Cools has represented Belgium at youth level with 28 caps, but chose to play for the Malaysian national football team at senior level. He made his senior debut for Malaysia on 3 June 2021.

Early life 
Cools was born to a Belgian father and Malaysian Chinese mother of Hakka descent in Kuching, Sarawak before the couple moved to Belgium after their marriage more than 20 years ago. He spent time with several Belgian clubs during his youth career before debuting in professional level with OH Leuven in 2014.

Club career

Early years
Cools started his career with Tempo Overijse, but soon moved to OH Leuven as a 9-year-old. In 2010, he joined the Anderlecht youth team. After a season, he returned to the OH Leuven youth academy in 2013. He signed his first professional contract with the club in July 2014 after completing secondary school.

OH Leuven
On 3 August 2014, Cools made his debut in the first team of OH Leuven, competing in the Belgian Second Division.
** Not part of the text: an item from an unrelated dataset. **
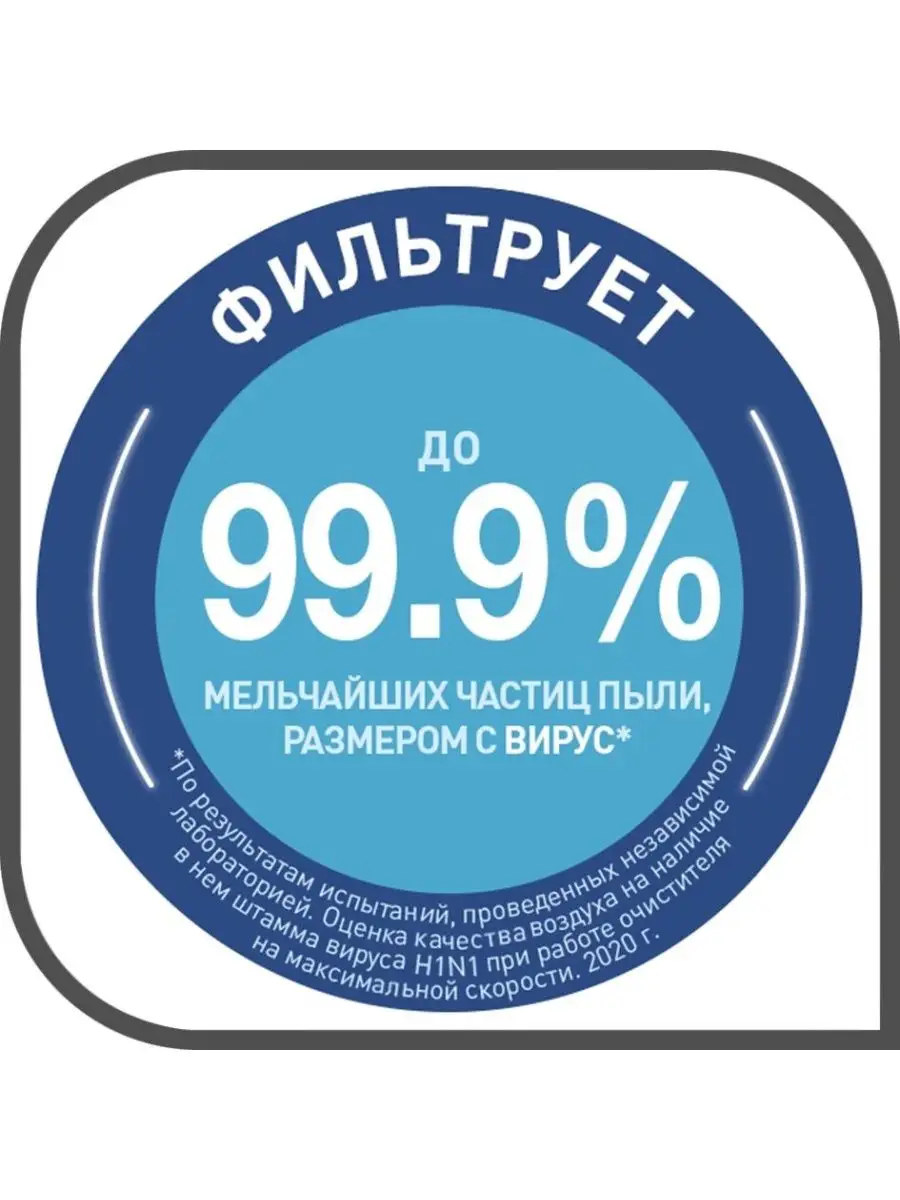 Очиститель воздуха Intense Pure Air Auto PU4026F0 Tefal 15618543 купить в  интернет-магазине Wildberries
He was in the starting lineup for the away match against Racing Mechelen. In May 2015, he participated with OH Leuven in the final round for promotion. Cools did not miss a single minute of the final round and won promotion to the Belgian First Division A again with the club.

Club Brugge
On 23 June 2015, Cools signed a four-year contract with Club Brugge. He won two Belgian national titles and twice the Belgian Super Cup. Cools became a starter under head coach Michel Preud'homme in the 2016–17 season due to poor performances by former Dutch international Ricardo van Rhijn, who had initially become the starter after the departure of regular right-back Thomas Meunier to Paris-Saint Germain. Cools also remained a starter under new coach Ivan Leko, with whom he was reunited after his time with OH Leuven. Cools would, however, later become benched after the emergence of Clinton Mata at the position.

Midtjylland
On 31 January 2020, Cools signed a three-year contract with Midtjylland in the Danish Superliga. He made his debut for the club on 17 February in a 2–0 win over Lyngby. Cools scored his first goal for the club on 14 February 2021, the only goal of the match in a win over Horsens in the Superliga. 
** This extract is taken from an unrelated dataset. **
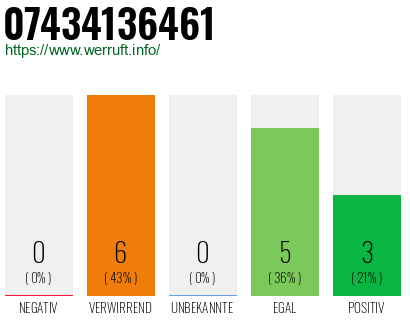 Rufnummer 07434136461 Telefonnummer 07434136461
Cools and FC Midtjylland have mutually agreed to cancel his contract with the club on 9 September 2022, making him a free agent.

Zulte Waregem (loan)
On 4 January 2022, Cools was loaned out to Zulte Waregem by Midtjylland until the end of 2021–22 season as Cools was looking for more playing time, according to Midtjylland's director of football.

FK Jablonec 
On 12 September 2022, Cools has signed for Czech club FK Jablonec on a short-term deal. He stated that the motivation behind the move is to get more playing time as his former club, Midtjylland, decided to switch to a different playing system, which curtailed his  playing time.

International career
He was called up for 2015 UEFA European Under-19 Championship qualification by Belgian Under-19 national team coach, Gert Verheyen. He was also eligible to play for Malaysia through his mother's bloodline.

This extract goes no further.